Wednesday, June 24, 2009

Should virtual crime mean real jail time?

I was reading this article in Scientific American that was titled: "Avatar Acts: Why Online Realities Need Regulation" Now before we start choosing up battle lines and boiling the oil, some facts. It's estimated that worldwide, some 100 million people have an online avatar that they use to populate virtual worlds like Second Life of World of Warcraft. These virtual worlds allow a user a real-time experience to say - wander around castles, deserted islands, battlefields either historical or totally fantastic. Through the use of "avatars", a user can meet, talk or in some instances, if you are so inclined, have simulated sex.

Such immersive activities can lead to real world problems - and not just the escape from reality. Take for instance a wife who filed papers for divorce on the grounds that she caught her husband being overly affectionate with someone else.

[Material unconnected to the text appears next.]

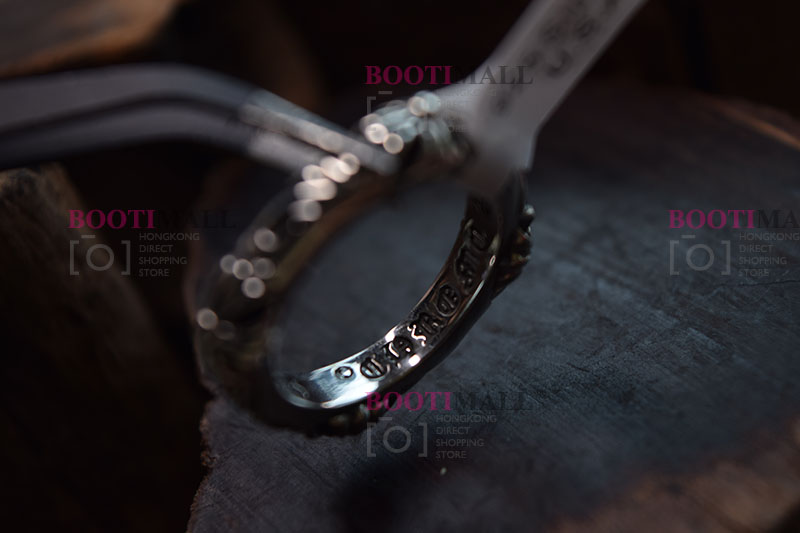 CHROME HEARTS 크롬하츠st 오리지날 925 이터니티 바인 밴드링(正品구성품포함) 7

Now before you say that is perfectly acceptable to sue for divorce consider: The woman found her husband's avatar having a relationship with another woman's avatar. The husband counters that he was driven to it by his wife's addiction to World of Warcraft. Mind you neither have had physical relations with anyone in reality.

Not real enough...try this then. One man lent a friend a sword that he had spent a great deal of money on and in fact was worth a great deal more. His friend promptly sold the sword. Now I should tell you that said sword was a item that can be purchased in the virtual world of warcraft and his friend sold the virtual weapon to another avatar, so you can say that nothing was really stolen and sold. However this is where it gets weird. The original owner decided to sue but found that there were no laws pertaining to purloining a virtual item so he was out of luck. In retaliation the owner of the sword went and killed the friend who sold it. So a man is dead and another will spend the rest of his life in prison. Over a virtual item.

Even stranger still:
  • A Brussels public prosecutor who had called for an investigation of a rape charge involving a Belgian user of Second Life.
The investigation died because all laws on the books pertaining to violent acts, deal with real people. Not that nothing is being done. South Korean courts now have several laws on the book pertaining to virtual property, but the U.S. has chosen not to act. Something is going to have to happen, as far as legislation is concerned. Virtual commerce is worth about $1 billion, and that is not virtual cash either.

Read complete article here


**update**
According to AOL News:
  • A Tennessee man is facing charges of aggravated sexual exploitation of a minor for what authorities say are three pictures -- none of them featuring an actual child's body. Instead, the photos feature the faces of three young girls placed on the nude bodies of adult females........
Pornography it might be - but sexual exploitation? Questionable material most certainly but how can it be exploitation of a minor? What am I missing?

2 comments:

Anwalt said...

This post will help all the users who are using the internet they must not be committed this crime. Otherwise they face different consequences.

Beam Me Up said...

But that's just the point! It's easy to make a snap decision but the consideration here "is a virtual act in and of itself a real crime." If you take action in the real world that is of a criminal nature BASED on a cyber act, then that is clearly a crime. I have played many RPGs where I have killed many both computer managed and those controlled by real people, but no stretch of the imagination does that make me a killer in any real sense and far from one that would require jail time for the act. The real question is what crime and where......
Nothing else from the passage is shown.